UN OFICIO COMO OTRO CUALQUIERA

El periodismo se va a tomar por saco por una razón fundamental, y es el tremendo despiste de una generación de directivos de medios de comunicación que no se entera de nada, pero de absolutamente nada. Son jerifaltes más pendientes de los juegos de poder que de ofrecerle a sus consumidores un producto medianamente digno, sujetos que todavía están intentando comprender el impacto de Internet a estas alturas, penosos gestores que no se dan cuenta de que la solución a tanta crisis es ofrecerle al lector cosas interesantes, mira qué complicada es la solución.
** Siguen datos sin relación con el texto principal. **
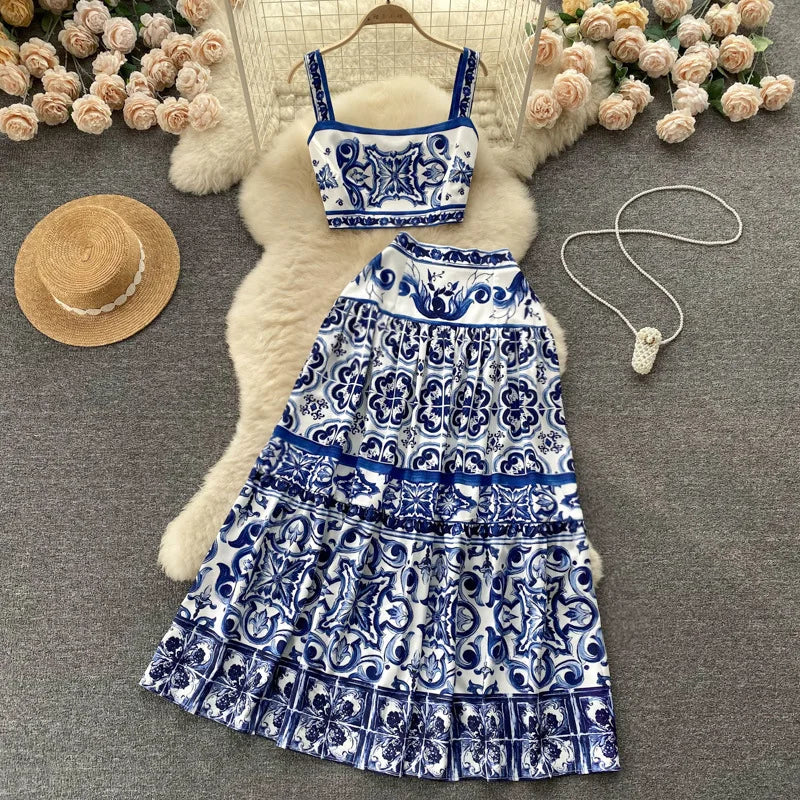Blue White Porcelain Printed Women's Summer Halter Vest Pure Desire Expose Waist High-Waist Mid-Length Skirt Sleeveless Autumn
Si el periodismo va de culete, ¿cómo se imaginan ustedes que está la parte más precaria y desatendida de esta profesión, que es el periodismo cultural y sobre todo el musical? Pues hecha una basurita, por las mismas razones que el resto del periodismo empieza a dar pena: falta de cariño por profesionales serios, confianza en que cualquiera puede hacerlo, resultados nefastos. Genial ecuación, despiadada coctelera. No, niños, no. Como todo periodismo especializado, el musical requiere de un ejecutor mínimamente serio. Y sí, vuelco en este textillo buena parte de mi experiencia y toda mi frustración presente. Ser periodista musical -y toda persona que publica una crónica en un medio, por muy underground y alternativo que sea, está intentando ser periodista musical- requiere sobre todo de un dominio del lenguaje, de las cuatro reglas elementales del periodismo y del medio del que se quiere hablar que no es otro que la música (distinguir, como mínimo, un saxo soprano de un clarinete, por poner un ejemplo reciente). Si cualquiera con afán de protagonismo y sin formación ni rodaje se mete en la brega del cronismo de conciertos, por poner otro ejemplo reciente y polémico, sale escaldado, enfada al público y sobre todo consigue poner otra palada de tierra en la tumba de un género cada vez más desastrado. Además, a una escena como la de la música alternativa canaria le hace falta comprensión, apoyo y cariño, no ostiones en la cara de manera continua. Créanme, a este que les atormenta le llevó algo así como cinco años de pinitos periodísticos darse cuenta.